▸ WHAT THIS TASK INVOLVES:
Omit all pictures. Copy exactly the lines from the line containing "Lashes Lots of" to the end of the listing, with both ends included.

▸ DATA BELOW:
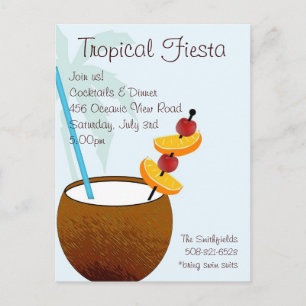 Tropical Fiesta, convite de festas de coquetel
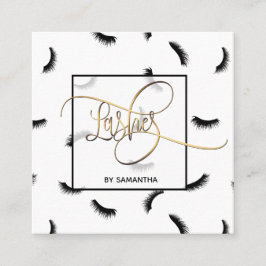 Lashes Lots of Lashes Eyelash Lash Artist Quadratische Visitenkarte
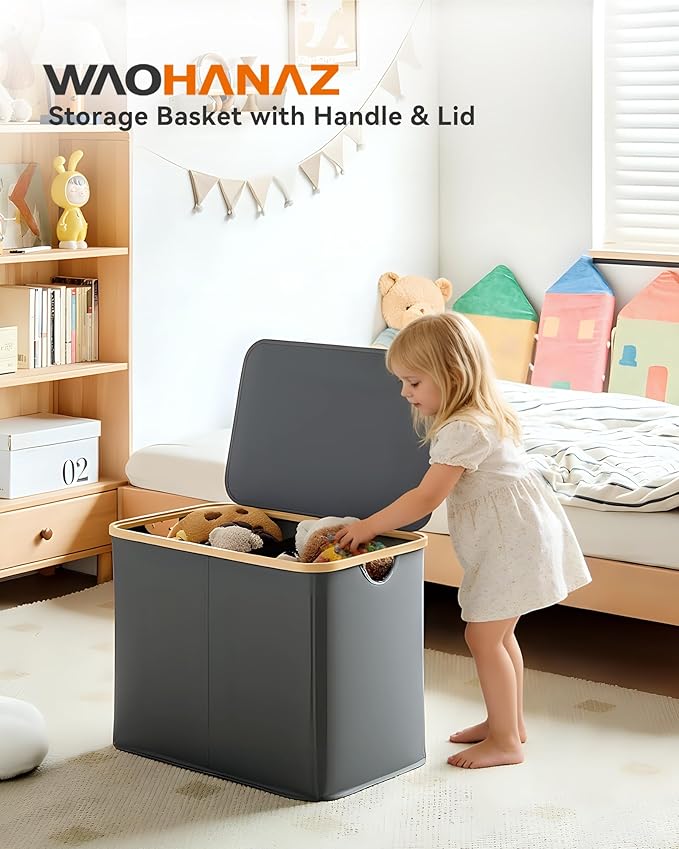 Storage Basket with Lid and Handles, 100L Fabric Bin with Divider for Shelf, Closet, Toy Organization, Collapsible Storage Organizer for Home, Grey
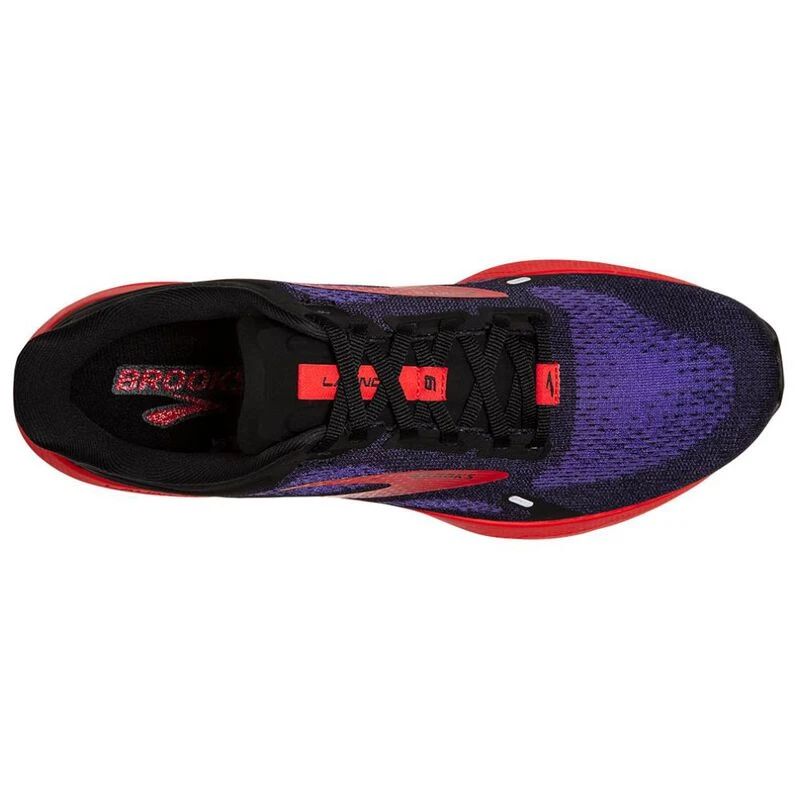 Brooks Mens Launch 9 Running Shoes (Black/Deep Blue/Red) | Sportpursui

▸ SOLVED PROBLEM:
 Lashes Lots of Lashes Eyelash Lash Artist Quadratische Visitenkarte
 Storage Basket with Lid and Handles, 100L Fabric Bin with Divider for Shelf, Closet, Toy Organization, Collapsible Storage Organizer for Home, Grey
 Brooks Mens Launch 9 Running Shoes (Black/Deep Blue/Red) | Sportpursui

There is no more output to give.